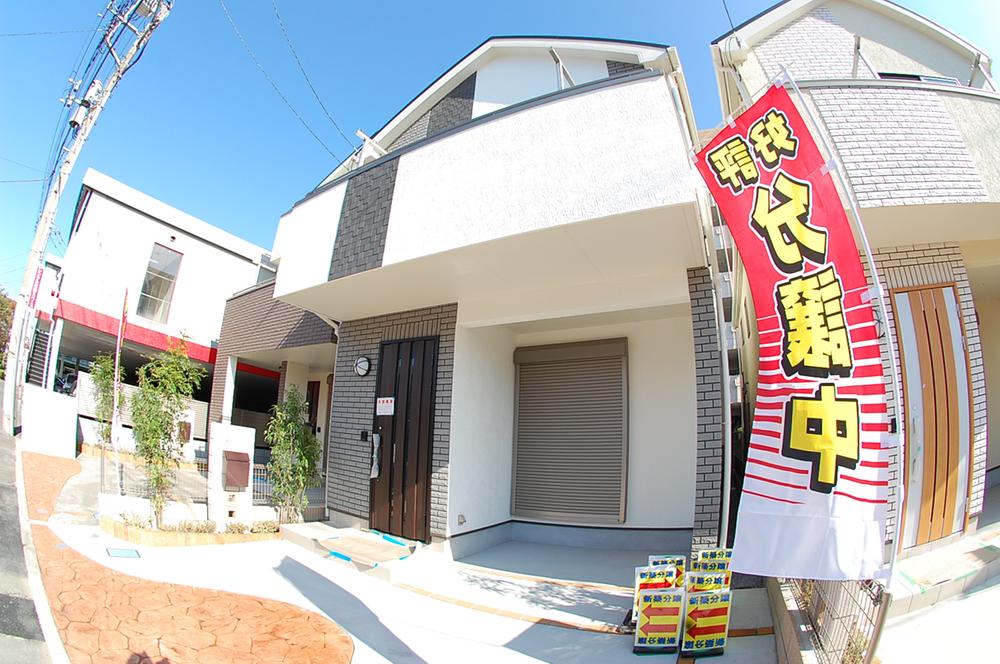 Local appearance photo. Building 2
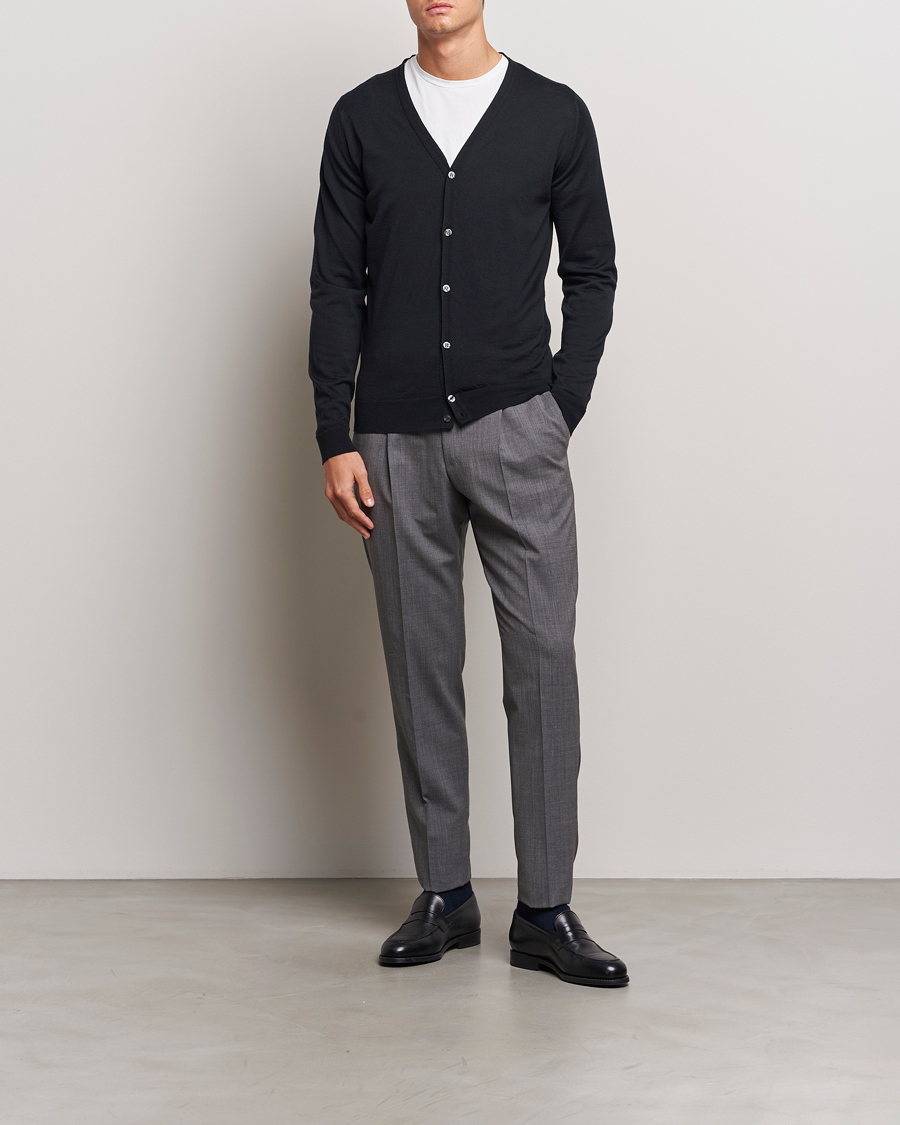 Mies | Puserot | John Smedley | Petworth Extra Fine Merino Cardigan Black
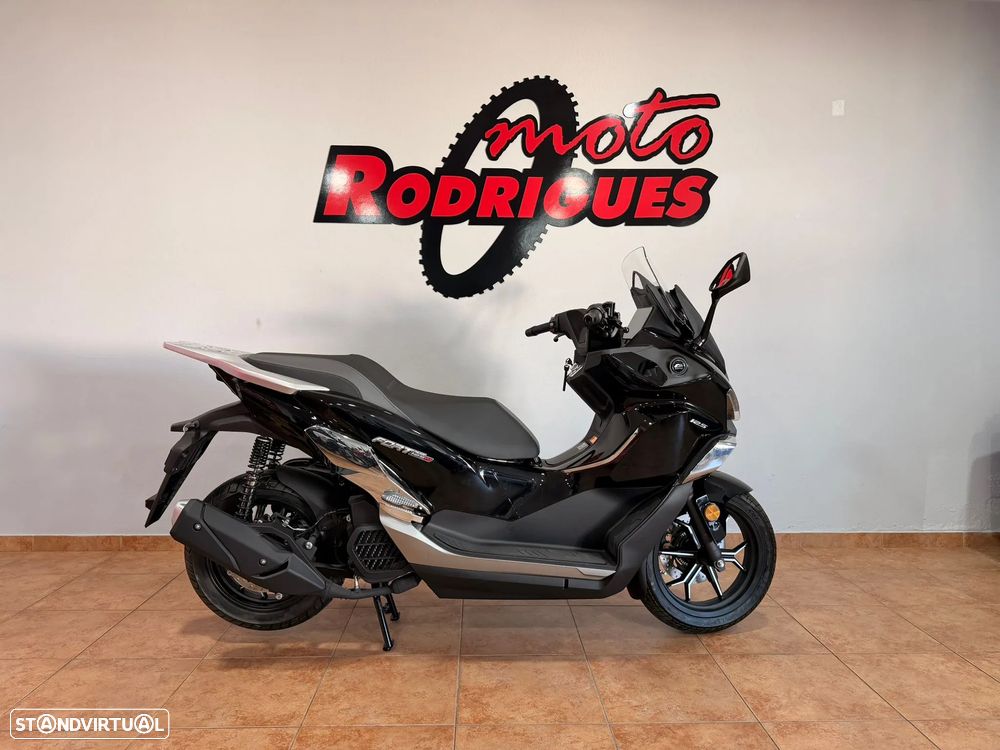 QJ Motor Fort 125N - OFERTA DE EQUIPAMENTO + CARTÃO DE DESCONTO EM COMBUSTÍVEL - 2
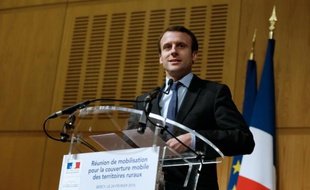 Le ministre français de l’Économie Emmanuel Macron à Paris le 24 février 2016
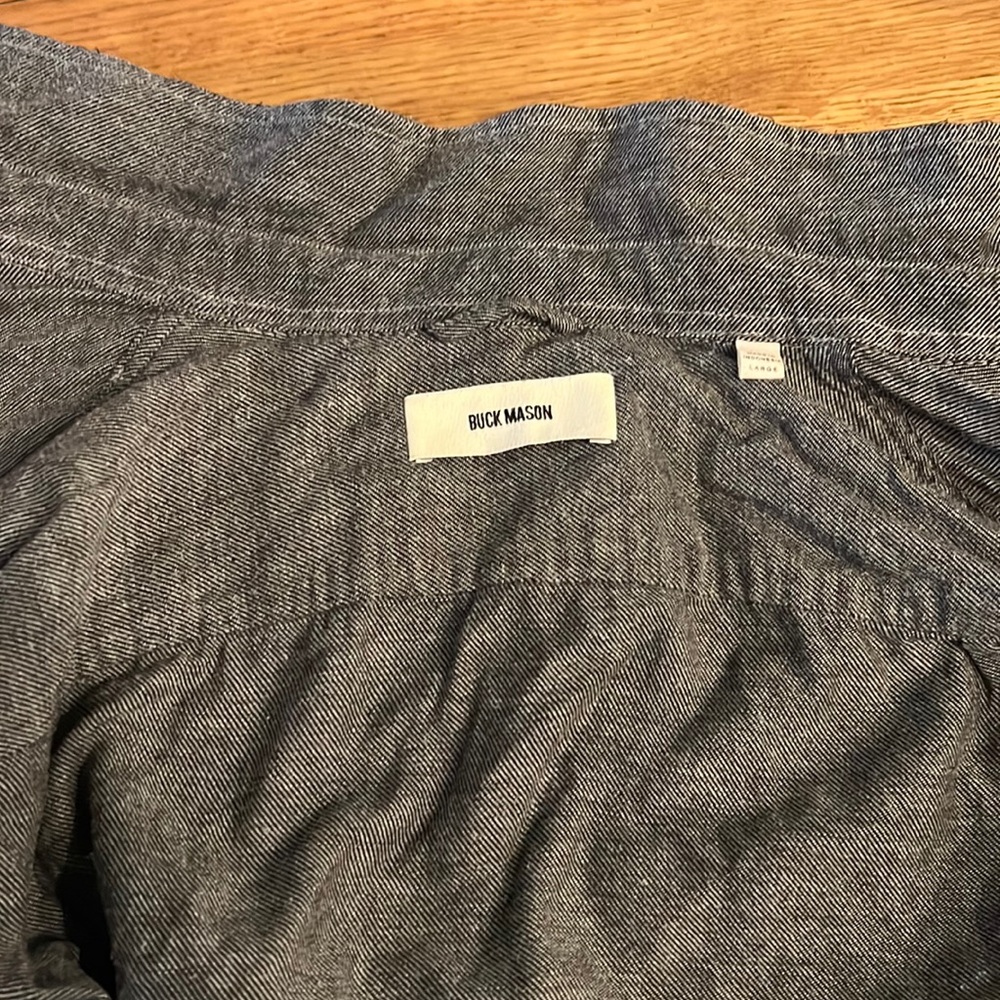 Men’s large grey button down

▶ Exercise details
Everything above except the pictures needs to be reproduced exactly.

▶ Finished task
 Local appearance photo. Building 2
 Mies | Puserot | John Smedley | Petworth Extra Fine Merino Cardigan Black
 QJ Motor Fort 125N - OFERTA DE EQUIPAMENTO + CARTÃO DE DESCONTO EM COMBUSTÍVEL - 2
 Le ministre français de l’Économie Emmanuel Macron à Paris le 24 février 2016
 Men’s large grey button down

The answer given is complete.